**Task statement:** From the entries below, copy exactly the lines from the one that contains "Vaso Para Plantas" through the one that contains "6432 SOFTSHELLJAKKE EN ISO 20471 KLASSE 3/2", both included, and only those.

**Source information:**
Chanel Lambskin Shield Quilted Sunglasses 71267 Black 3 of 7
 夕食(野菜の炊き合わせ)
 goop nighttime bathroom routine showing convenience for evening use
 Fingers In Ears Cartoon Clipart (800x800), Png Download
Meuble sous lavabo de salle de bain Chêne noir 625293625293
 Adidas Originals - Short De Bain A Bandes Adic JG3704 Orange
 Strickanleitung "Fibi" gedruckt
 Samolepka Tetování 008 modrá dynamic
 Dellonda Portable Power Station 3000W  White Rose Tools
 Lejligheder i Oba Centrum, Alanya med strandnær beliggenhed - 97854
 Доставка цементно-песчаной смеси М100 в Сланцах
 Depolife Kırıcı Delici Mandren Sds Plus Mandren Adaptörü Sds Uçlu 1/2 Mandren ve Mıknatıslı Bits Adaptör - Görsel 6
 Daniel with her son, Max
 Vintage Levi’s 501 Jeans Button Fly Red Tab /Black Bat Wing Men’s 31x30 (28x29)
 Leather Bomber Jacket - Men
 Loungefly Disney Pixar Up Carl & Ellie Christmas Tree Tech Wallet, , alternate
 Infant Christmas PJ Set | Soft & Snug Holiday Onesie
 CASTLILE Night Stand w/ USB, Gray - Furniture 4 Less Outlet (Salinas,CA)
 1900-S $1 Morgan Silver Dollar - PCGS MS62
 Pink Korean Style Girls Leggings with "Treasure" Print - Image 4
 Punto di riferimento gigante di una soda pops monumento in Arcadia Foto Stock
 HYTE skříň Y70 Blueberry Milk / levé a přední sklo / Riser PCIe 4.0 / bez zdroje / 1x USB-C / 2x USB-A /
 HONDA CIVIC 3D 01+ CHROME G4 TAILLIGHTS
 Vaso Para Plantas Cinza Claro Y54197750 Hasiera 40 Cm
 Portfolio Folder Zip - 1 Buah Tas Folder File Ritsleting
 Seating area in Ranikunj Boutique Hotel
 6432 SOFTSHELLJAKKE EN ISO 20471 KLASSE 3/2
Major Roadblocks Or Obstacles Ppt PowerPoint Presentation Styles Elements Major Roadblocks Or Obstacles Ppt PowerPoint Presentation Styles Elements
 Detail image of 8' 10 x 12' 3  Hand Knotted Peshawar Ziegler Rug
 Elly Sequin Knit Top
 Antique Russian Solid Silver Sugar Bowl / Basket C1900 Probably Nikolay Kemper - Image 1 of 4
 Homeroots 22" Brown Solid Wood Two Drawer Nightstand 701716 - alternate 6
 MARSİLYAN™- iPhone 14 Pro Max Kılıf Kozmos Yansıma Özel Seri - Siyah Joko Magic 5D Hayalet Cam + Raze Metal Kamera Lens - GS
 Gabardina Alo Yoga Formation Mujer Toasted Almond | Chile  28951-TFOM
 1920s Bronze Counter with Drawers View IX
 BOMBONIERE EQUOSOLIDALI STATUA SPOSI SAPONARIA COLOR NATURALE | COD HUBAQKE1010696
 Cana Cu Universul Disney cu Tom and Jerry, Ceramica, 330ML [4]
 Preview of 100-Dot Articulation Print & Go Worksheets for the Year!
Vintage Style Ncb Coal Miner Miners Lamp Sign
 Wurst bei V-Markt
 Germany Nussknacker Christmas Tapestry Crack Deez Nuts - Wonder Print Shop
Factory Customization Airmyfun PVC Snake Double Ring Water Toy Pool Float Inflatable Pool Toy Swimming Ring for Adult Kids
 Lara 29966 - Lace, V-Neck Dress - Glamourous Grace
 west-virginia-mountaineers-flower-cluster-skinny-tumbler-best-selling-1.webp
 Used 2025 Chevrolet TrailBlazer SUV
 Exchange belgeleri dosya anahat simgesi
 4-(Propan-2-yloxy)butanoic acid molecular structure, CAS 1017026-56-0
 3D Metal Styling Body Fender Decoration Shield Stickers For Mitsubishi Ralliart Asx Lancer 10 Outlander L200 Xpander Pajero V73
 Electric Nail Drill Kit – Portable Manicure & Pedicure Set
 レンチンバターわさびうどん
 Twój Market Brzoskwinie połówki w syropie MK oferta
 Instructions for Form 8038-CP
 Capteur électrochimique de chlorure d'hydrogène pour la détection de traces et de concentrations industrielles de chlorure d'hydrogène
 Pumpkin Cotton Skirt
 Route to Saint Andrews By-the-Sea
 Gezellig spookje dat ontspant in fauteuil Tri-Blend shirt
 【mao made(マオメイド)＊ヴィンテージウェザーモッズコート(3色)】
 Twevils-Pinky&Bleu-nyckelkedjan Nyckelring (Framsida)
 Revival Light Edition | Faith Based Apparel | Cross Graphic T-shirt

**Reply to the task:**
 Vaso Para Plantas Cinza Claro Y54197750 Hasiera 40 Cm
 Portfolio Folder Zip - 1 Buah Tas Folder File Ritsleting
 Seating area in Ranikunj Boutique Hotel
 6432 SOFTSHELLJAKKE EN ISO 20471 KLASSE 3/2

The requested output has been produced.